MidPrivacy: Data Provenance Prototype Abstract

Last modified 12 Mar 2021 10:22 +01:00

Data provenance is one of the fundamental problems of data protection. Data protection regulations and practices ask for transparency and accountability. However, current systems are seldom capable of tracing origin (provenance) of data they are processing. This situation is hardly surprising given the complexity that data provenance brings, especially for data modelling and maintenance.

The Data Provenance Prototype project aims at design and implementation of provenance metadata in identity management. The features are implemented in midPoint, a comprehensive open source identity management and governance platform. The project involved design and implementation of Axiom, novel data modeling language with a unique capability to define metadata schemas. Axiom was used to model data provenance schemas that were integrated into midPoint core functionality. The result was a prototype of end-to-end provenace-enabled system. Provenance metadata are generated at data entry points. Provenance information is maintained during data processing, transformation and storage.
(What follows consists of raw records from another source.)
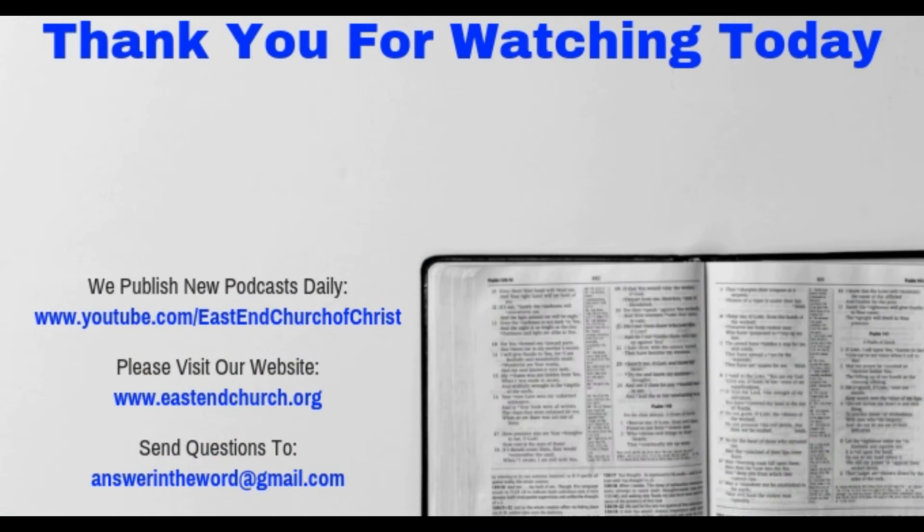Thank you for watching today's episode. We hope that you found it edifying, and ask that you not only subscribe to our channel and podcast, but that you like and share this episode among your friends, so that the saving gospel of Jesus Christ can go out to the whole world.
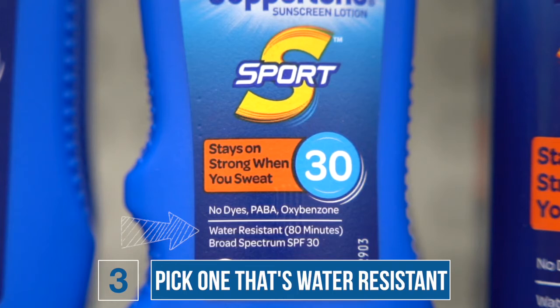After you choose the right product, make sure that you're applying it at least 15 minutes before you go out in the sun. And when you're out in the sun, make sure to reapply it every two hours, or every time after you swim or sweat.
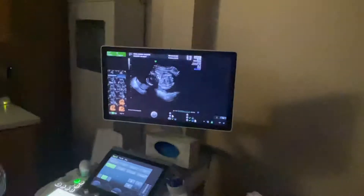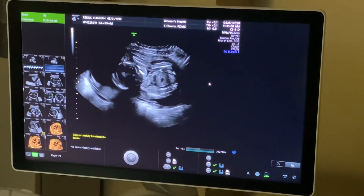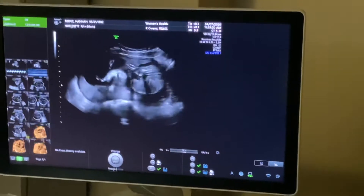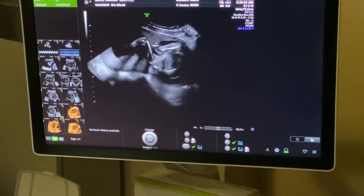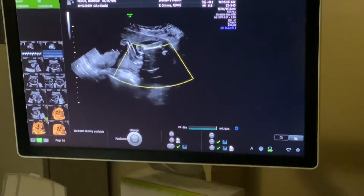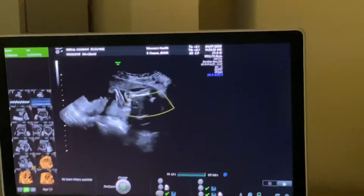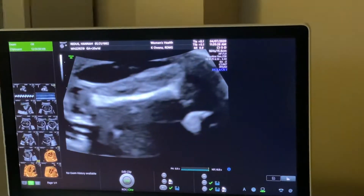Spine, leg, leg over and set. One of the things that we do is we measure the baby's leg. It's a lot smaller here, so we can get a measurement here. This is the baby's femur.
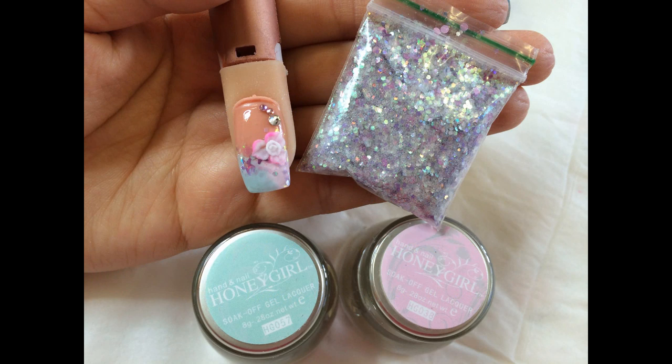Hello everyone, it's Helen from Missy Beauty Nails. Today we are going to do the fancy fringe gel design with acrylic 3D flower.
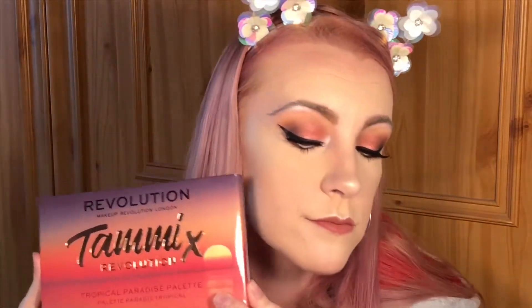This is my completed look using the Tammy X Revolution palette by Makeup Revolution. If you like this video please leave a thumbs up, any comments leave them below, and if you're not subscribed please subscribe. All the links to the products I used will be down below. Once again, congratulations Tammy — I absolutely love your palette, this is my second look with it. Love love love it — thanks for watching, until next time, bye!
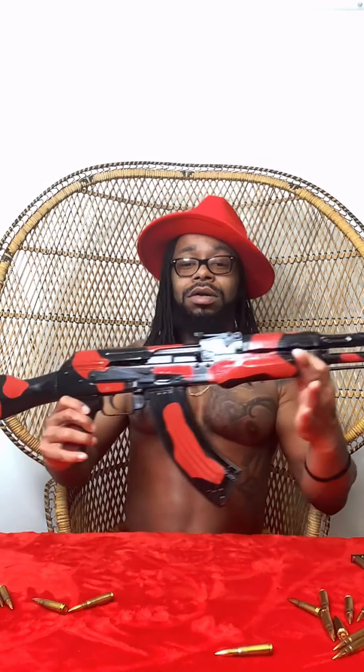Today though, special, special treat as you can see. Special treat for y'all today. Now this — I know I told y'all them other joints was my babies, and they are. Those are my babies, you feel me? This is my big baby today. Yes, this is my Egyptian Madi AK-47.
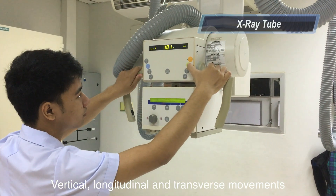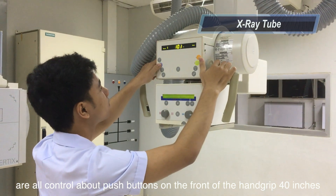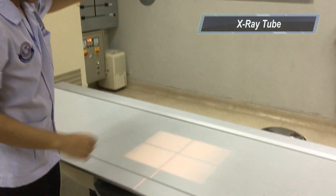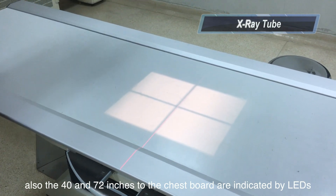Vertical, longitudinal, and transverse movements are all controlled by pushing the buttons on the front of the hand grip. The 40-inch SID to the Bucky tabletop is indicated by LEDs. Also, the 40 and 72-inch SID to the wall stand are indicated by LEDs too.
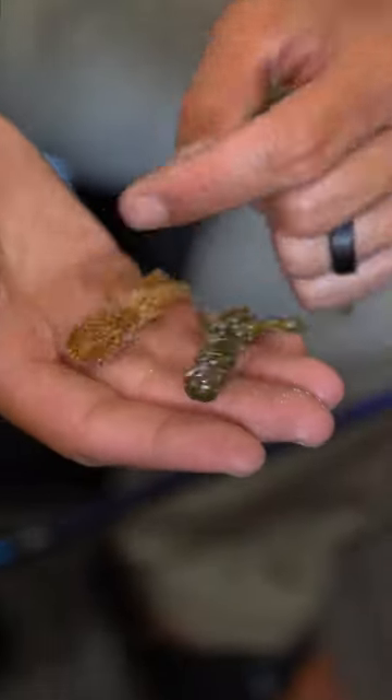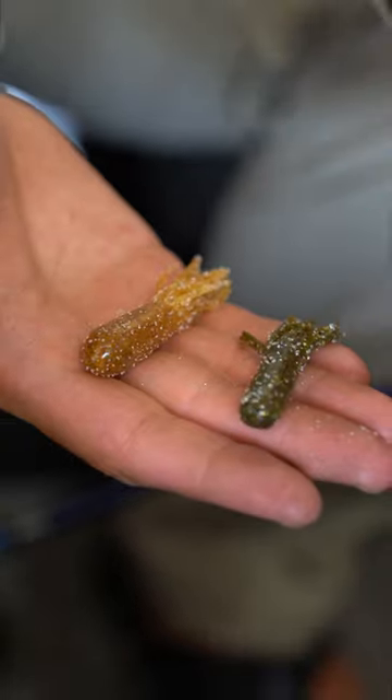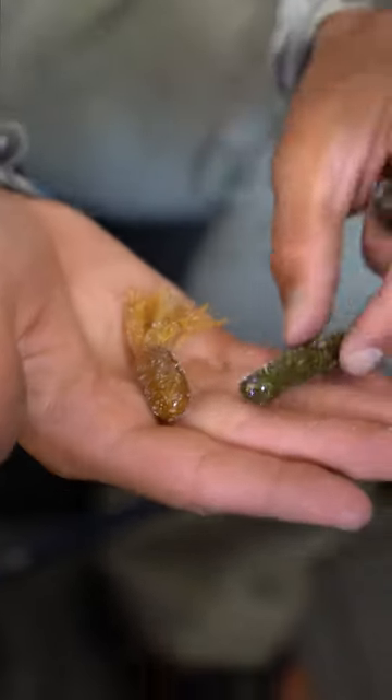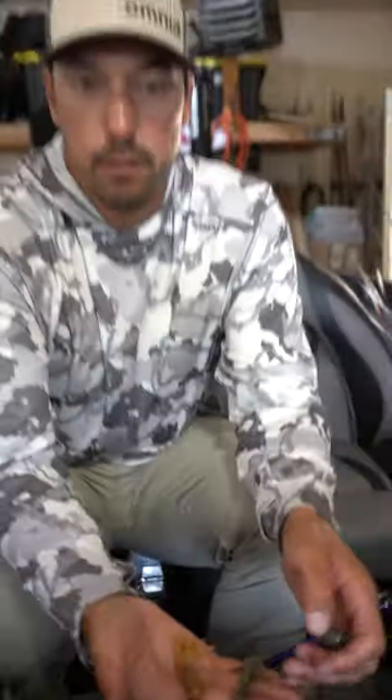These smaller micro tubes is when we're maybe dealing with higher pressured fish or finicky fish, clear water. I like this little bit fatter micro tube when I'm dragging offshore, and this skinnier little tube when I'm up on shallow flats targeting fish, individual fish chasing them down that are a little bit more finicky.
User interface was modified to display provenance metadata to system administrators.

As this was a prototyping project, there naturally were challenges and even unexpected discoveries. We have gained insights into character of provenance metadata and overlap to personal data protection that is likely to be of interest to a broad community. The prototype was successful and it is likely to lead to a full productization of the functionality. Production quality support for provenance metadata is likely to establish midPoint and its maintainer Evolveum as one of the leaders in personal data protection field. This may be further amplified by open source character of the solution.

This project is part of midPrivacy, which is a long-term initiative to implement privacy and data protection features in midPoint.